UConn is at a crossroads  at wide receiver at the end of this spring.

The Huskies have some ability at the top of the depth chart with leading receiver Geremy Davis (6-1, 217) and running mate Shakim Phillips (6-2, 204) locked in as the one and two receivers.

Davis and Phillips competed for time last year with Davis leading the team with 44 catches and 613 yards while Phillips shook off the rust with 32 catches and 399 yards after coming over as a transfer from Boston College and sitting out a year.
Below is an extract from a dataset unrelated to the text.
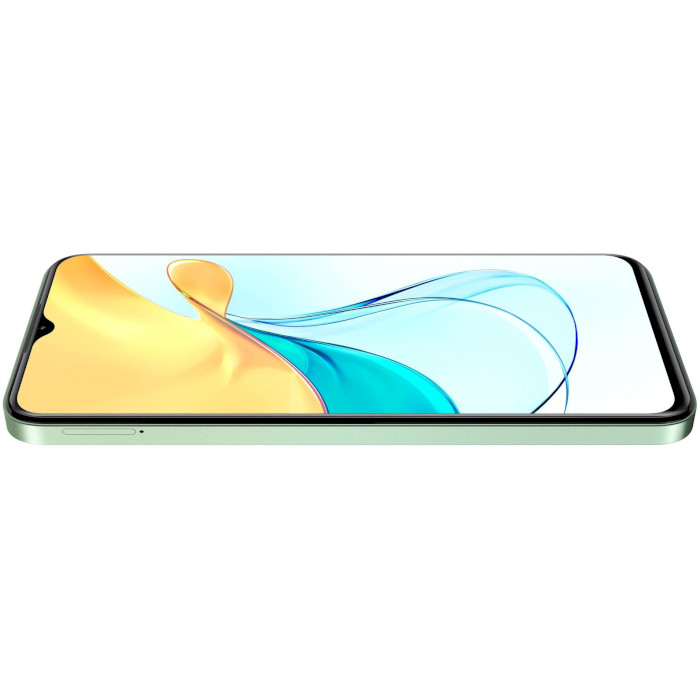 Смартфон ZTE Blade V50 Design 8/128GB Beach Green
Davis earned the No. 1 slot and Phillips showed just enough improvement and promise during the year to put the Huskies’ wide receiver corps with two athletic, big and experienced receivers going into 2013.

Davis may not be as tall as Phillips, but he is bigger, more muscular and a big target. He has improved his route running and his size creates the separation that his speed doesn’t. He’s a big target for quarterback Chandler Whitmer and while he hasn’t show the YAC that the coaching staff wants, is a dependable receiver who can get open by using his size. Davis is a bit of a gym rat in basketball terms. He was behind Phillips last year and earned the starting job the old-fashioned way by beating him out in summer camp and holding onto it in the fall. He has all the tools to be a terrific college receiver.  Not quite a speed guy and isn’t going to make many people miss (at his size, that’s rare anyway). He can also be a force blocking in running game and is a valuable player.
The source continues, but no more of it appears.